The sequence $$x$$ is said to have period $$N$$ (or to be periodic with period $$N$$) if there exists a positive integer $$N$$ such that $$x[n+N] = x[n] ~ \text{for all} ~ n \in \mathbb Z.\tag{1}$$

Now, if $$x$$ has period $$N$$, then it also can be said to have period $$kN$$ where $$k$$ is a positive integer. The smallest integer that is a period of a periodic sequence is called the fundamental period of the sequence, and all other possible periods are necessarily integer multiples of the fundamental period.

Thus, if $$x$$ and $$y$$ are periodic sequences with fundamental periods $$N_1$$ and $$N_2$$ respectively, then their sum $$z$$ (that is, $$z[n] = x[n]+y[n]$$ for all $$n \in \mathbb Z$$) is also a periodic sequence with a period equal to the least common multiple $$\operatorname{lcm}(N_1, N_2)$$ of $$N_1$$ and $$N_2$$.

The fun starts when people start thinking of sampling continuous-time signals $$x(t)$$ and $$y(t)$$ once every $$T_s$$ seconds and calling the sample values $$x[n]$$ and $$y[n]$$, e.g.

$$x[n] = x(nT_s), ~ y[n] = y(nT_s), ~ \text{for all} ~ n \in \mathbb Z.\tag{2}$$

Now, a continuous-time signal $$x(t)$$ is said to be periodic with period $$T_0$$ if there is a positive real number $$T_0$$ such that $$x(t+T_0) = x(t)$$ for all $$t\in \mathbb R$$, and, as with sequences, we can define the fundamental period of a periodic signal as the smallest of all the possible periods of the signal (and all other periods are multiples of the fundamental period).

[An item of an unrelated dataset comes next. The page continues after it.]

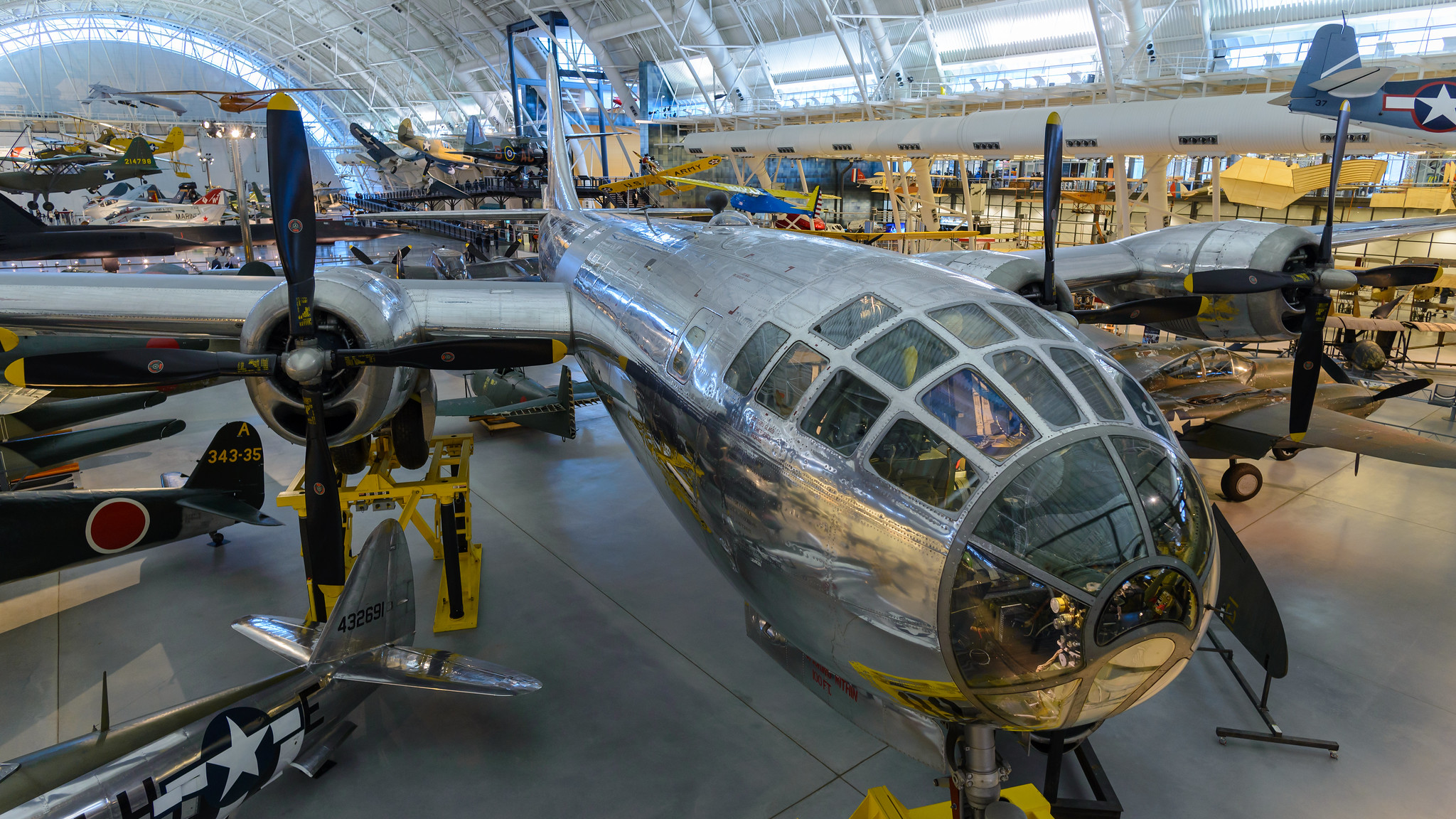 Color Photograph of a large, silver-metallic plane in crowded hanger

But,

If $$x(t)$$ is a periodic continuous-time signal with fundamental period $$T_0$$, then it is not necessary that the sampled sequence $$x$$ (where $$x[n] = x(nT_s)$$) be a periodic sequence.

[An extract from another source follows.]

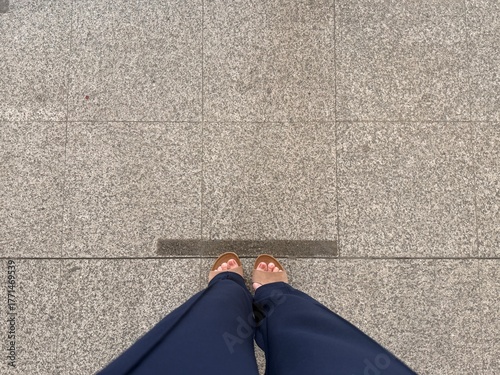 A high-angle,shot of a person's feet wearing brown leather sandals on a light gray,tiled granite or concrete sidewalk with a dark line marking a seam or gutter running across the middle.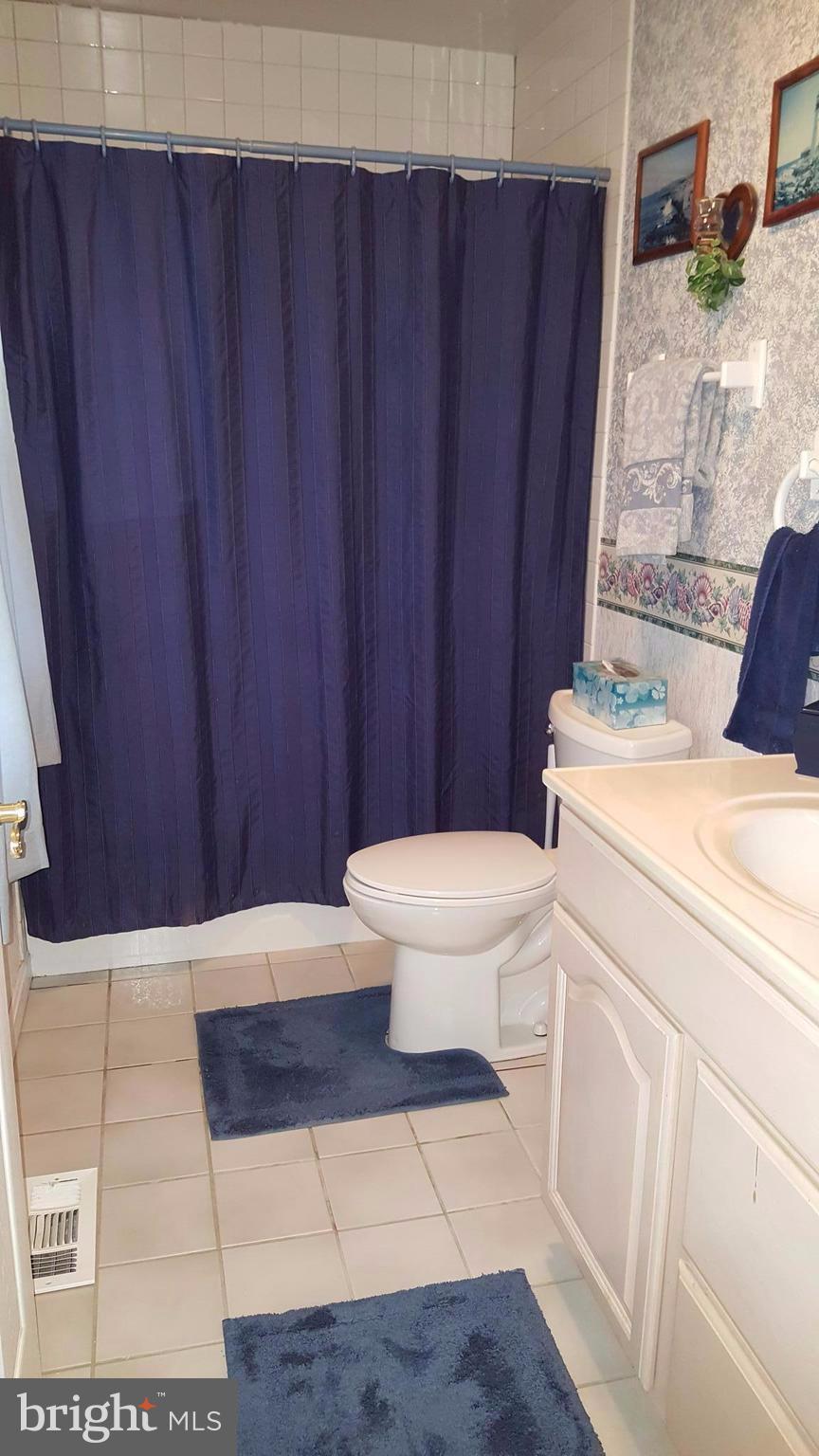 4111 Klausmier Road Baltimore, MD 21236 - Photo 15 of 28 a bathroom with a toilet a sink and curtain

The canonical example is $$\cos(t)$$ which is a continuous-time signal with fundamental period $$2\pi$$ sampled once per second to give $$\cos[n]$$ which is not a periodic sequence. (It breaks down right at $$n=0$$, there is no integer $$N$$ such that $$\cos[0+N] = \cos(N)$$ equals $$\cos[0] = \cos(0) = 1$$). "But, but, but," you splutter, "you aren't sampling at or above the Nyquist rate!" Well, the Nyquist rate has nothing to do with the matter since we are not interested in reconstruction or perfect representation etc, but you can take any rational sample interval $$\ll 1$$ that you like and you still won't get a periodic sequence out of $$\cos(t)$$ (or any other continuous-tine periodic signal, for that matter) unless the ratio $$T_0/T_s$$ of signal period $$T_0$$ to sampling interval $$T_s$$ is a rational number.